Portola Valley: Cracking down on unauthorized solicitors
Salespeople and solicitors going door-to-door in Portola Valley without first getting a permit will have an increasingly tough time of it now that the Town Council has asked law enforcement to crack down.
In an effort to encompass the competing priorities of a town that shows a warm welcome to cookie-selling Girl Scouts and a cold shoulder to magazine salespeople, the council at its March 24 meeting directed staff to work up a plan to educate residents about solicitation laws and inform them of renewed vigor on the part of sheriff's deputies to deal with un-permitted peddling, particularly when residents have their names on the "do not contact" list.
That list and its limitations led to the council's decision to take up the matter. The list does not apply to doorbell ringing by people advocating a religious or political point of view — the First Amendment of the U.S. Constitution protects that behavior — but the town will now step up enforcement when salespeople lack permits or visit listed homes.

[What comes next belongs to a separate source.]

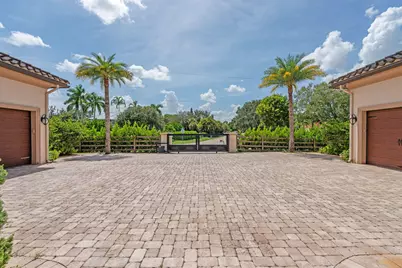 1601 Clydesdale Avenue, Wellington, FL 33414 - Photo 8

"We want to be able to actually demonstrate that Portola Valley is a bad place to solicit if you solicit somebody who doesn't want to be contacted," Ed Davis, the town's police commissioner, told the council.
Salespeople are attuned to "no solicitors" signs, and Mr. Davis spoke up for the idea of encouraging tasteful signs that include an ordinance number, but the council didn't buy it.

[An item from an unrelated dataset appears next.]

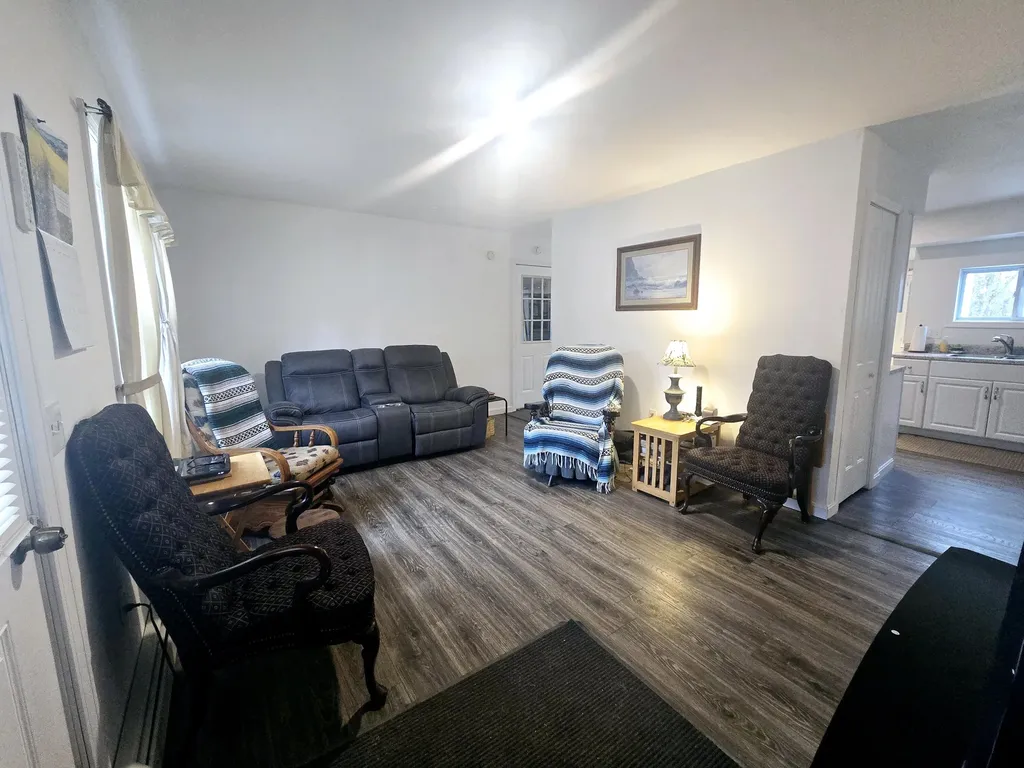 278 Middle Road Oakland ME 04963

Such signs are, in the opinion of Mayor Steve Toben, unsightly, unfriendly and inappropriate. "I think there are a lot of residents who might agree with me," he added.

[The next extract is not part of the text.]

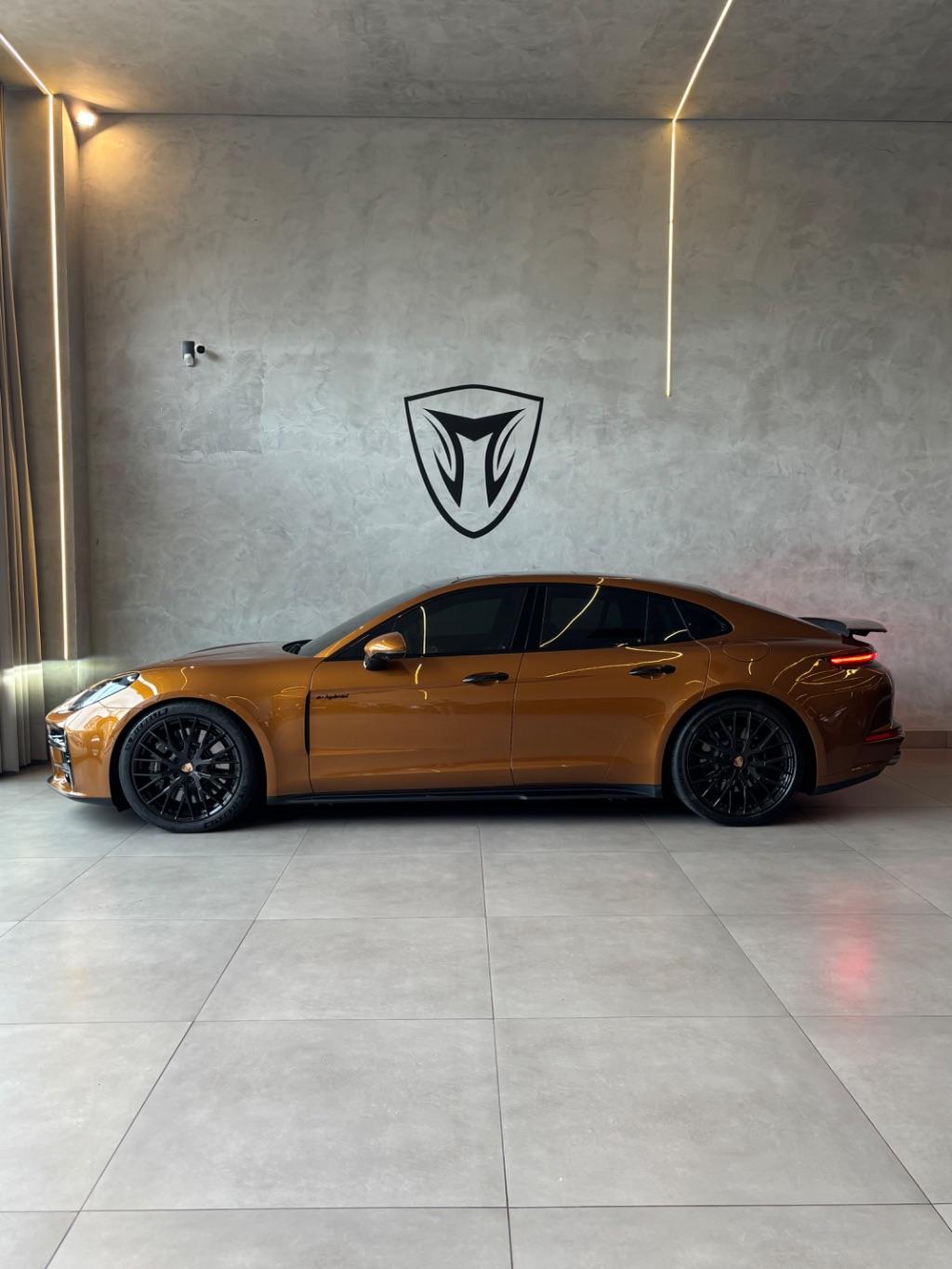 PORSCHE Panamera - Foto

Councilwoman Maryann Derwin did. "I would not put a sign on my house and when I see one of those little signs, I feel hostile to those persons," she said. "We are not a gated community like Atherton. We're friendly."
Legitimate solicitors can be serious about their missions, including "trying to feed their families," Councilman John Richards reminded the council. "We don't want to be unfriendly to that."
And political and religious advocacy is "allowable actually anywhere in the country, including Portola Valley," Councilwoman Ann Wengert noted.